Un incidente tra due navi militari di due Paesi contrapposti non si sa dove può portare», è l’allarme sulla sicurezza dei nostri mari lanciato lo scorso 27 maggio dall’ammiraglio Enrico Credendino, capo di Stato Maggiore della Marina militare. «Il Mediterraneo – riflette l’ammiraglio - è oggi in equilibrio instabile per moltissimi fattori di crisi, dall’immigrazione irregolare al possibile terrorismo, fenomeni illeciti di varia natura, un grande riarmo in termini navali dei paesi della sponda sud. Poi c’è la flotta russa e questa è la conseguenza immediata della guerra in Ucraina per la nostra sicurezza: la presenza della flotta russa che non c’era. Abbiamo avuto fino a 18 navi russe in Mediterraneo, questo non rappresenta una minaccia diretta al nostro territorio, ma certamente aumenta la tensione». Credendino aveva sottolineato questa criticità già lo scorso febbraio: «Gli effetti immediati sulla nostra sicurezza della guerra in Ucraina si sono riverberati ancora una volta sul mare e sono l’aumento impressionante dei numeri della flotta russa nel Mediterraneo e nel Mar Nero a un livello che non si vedeva nemmeno ai tempi della Guerra fredda». E ancora: «Il numero di navi russe nel Mediterraneo - ha rimarcato - è cresciuto, un numero alto che non è una minaccia diretta al territorio nazionale ma aumenta tantissimo la tensione».

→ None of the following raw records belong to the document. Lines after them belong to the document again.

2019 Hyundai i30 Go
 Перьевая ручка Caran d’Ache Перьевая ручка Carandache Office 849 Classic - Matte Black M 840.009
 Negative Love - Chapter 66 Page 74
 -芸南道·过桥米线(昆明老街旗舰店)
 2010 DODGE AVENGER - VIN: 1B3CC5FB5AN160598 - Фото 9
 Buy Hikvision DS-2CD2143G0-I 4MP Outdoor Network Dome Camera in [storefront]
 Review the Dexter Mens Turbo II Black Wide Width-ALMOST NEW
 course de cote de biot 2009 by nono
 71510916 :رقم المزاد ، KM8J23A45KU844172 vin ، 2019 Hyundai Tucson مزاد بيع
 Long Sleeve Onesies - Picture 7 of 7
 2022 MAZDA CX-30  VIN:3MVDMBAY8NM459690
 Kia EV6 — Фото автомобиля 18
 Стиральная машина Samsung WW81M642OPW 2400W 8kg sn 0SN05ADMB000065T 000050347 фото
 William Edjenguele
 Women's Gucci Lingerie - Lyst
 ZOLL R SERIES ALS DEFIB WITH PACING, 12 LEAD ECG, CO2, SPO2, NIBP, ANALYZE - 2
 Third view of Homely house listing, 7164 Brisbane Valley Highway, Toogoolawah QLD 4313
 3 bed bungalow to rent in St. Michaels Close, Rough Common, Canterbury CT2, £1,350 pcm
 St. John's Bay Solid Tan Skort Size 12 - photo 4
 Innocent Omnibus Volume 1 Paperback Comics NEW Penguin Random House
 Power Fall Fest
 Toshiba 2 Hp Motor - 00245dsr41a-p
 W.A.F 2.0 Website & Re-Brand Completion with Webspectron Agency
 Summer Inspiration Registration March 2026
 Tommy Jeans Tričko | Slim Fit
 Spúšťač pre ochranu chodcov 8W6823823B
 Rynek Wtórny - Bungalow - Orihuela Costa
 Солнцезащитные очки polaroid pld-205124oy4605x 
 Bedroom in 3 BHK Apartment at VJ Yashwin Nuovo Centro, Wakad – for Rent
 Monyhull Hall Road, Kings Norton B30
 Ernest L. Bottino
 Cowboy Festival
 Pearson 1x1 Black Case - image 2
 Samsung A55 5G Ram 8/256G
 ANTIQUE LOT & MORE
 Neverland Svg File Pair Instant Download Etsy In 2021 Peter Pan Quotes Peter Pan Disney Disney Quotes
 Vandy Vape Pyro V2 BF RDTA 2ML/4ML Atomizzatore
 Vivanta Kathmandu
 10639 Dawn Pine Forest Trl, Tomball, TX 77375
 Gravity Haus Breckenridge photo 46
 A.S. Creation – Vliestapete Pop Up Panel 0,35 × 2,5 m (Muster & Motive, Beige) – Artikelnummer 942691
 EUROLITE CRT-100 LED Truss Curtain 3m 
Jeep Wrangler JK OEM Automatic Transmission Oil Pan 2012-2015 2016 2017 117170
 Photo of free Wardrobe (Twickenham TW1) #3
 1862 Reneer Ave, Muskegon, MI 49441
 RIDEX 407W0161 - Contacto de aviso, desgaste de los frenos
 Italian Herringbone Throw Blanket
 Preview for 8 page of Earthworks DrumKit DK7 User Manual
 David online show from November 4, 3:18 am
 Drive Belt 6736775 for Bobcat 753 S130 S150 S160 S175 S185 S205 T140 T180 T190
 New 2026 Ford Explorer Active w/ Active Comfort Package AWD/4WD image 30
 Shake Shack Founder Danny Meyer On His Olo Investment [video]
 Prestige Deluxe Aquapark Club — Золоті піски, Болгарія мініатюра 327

La Russia tra l’altro è tornata a esibire la sua forza testando un missile balistico intercontinentale in grado di trasportare testate nucleari, poco dopo aver revocato la ratifica del trattato che mette al bando gli esperimenti atomici. Un modo per far salire la tensione nucleare. Il lancio del missile russo Bulava, il primo in circa un anno, è stato effettuato nel Mar Bianco dal «nuovo sottomarino nucleare strategico Imperatore Alessandro III» di quarta generazione, ha annunciato il ministero della Difesa russo. Il missile ha colpito il suo obiettivo in un campo di prova nella penisola di Kamchatka, nell’estremo oriente russo. Il Bulava, codice SS-NX-30 nella classificazione Nato, ha una gittata di 8.000 chilometri e una lunghezza di 12 metri e può essere equipaggiato con dieci testate nucleari. E il sottomarino Imperatore Alessandro III, classe Borei, è equipaggiato con 16 di questi missili, secondo l’esercito russo. Una potenza di fuoco devastante che evidenzia il livello di minaccia atomica di cui la Russia è in possesso. E che conosce sempre meno limitazioni, smantellate pezzo per pezzo dal governo russo di Vladimir Putin. Giovedì scorso lo zar ha infatti promulgato una legge che revoca la ratifica da parte di Mosca del Trattato sul divieto totale degli esperimenti nucleari. Un accordo che non è mai entrato in vigore perché ratificato da troppo pochi Stati, nemmeno dagli Usa.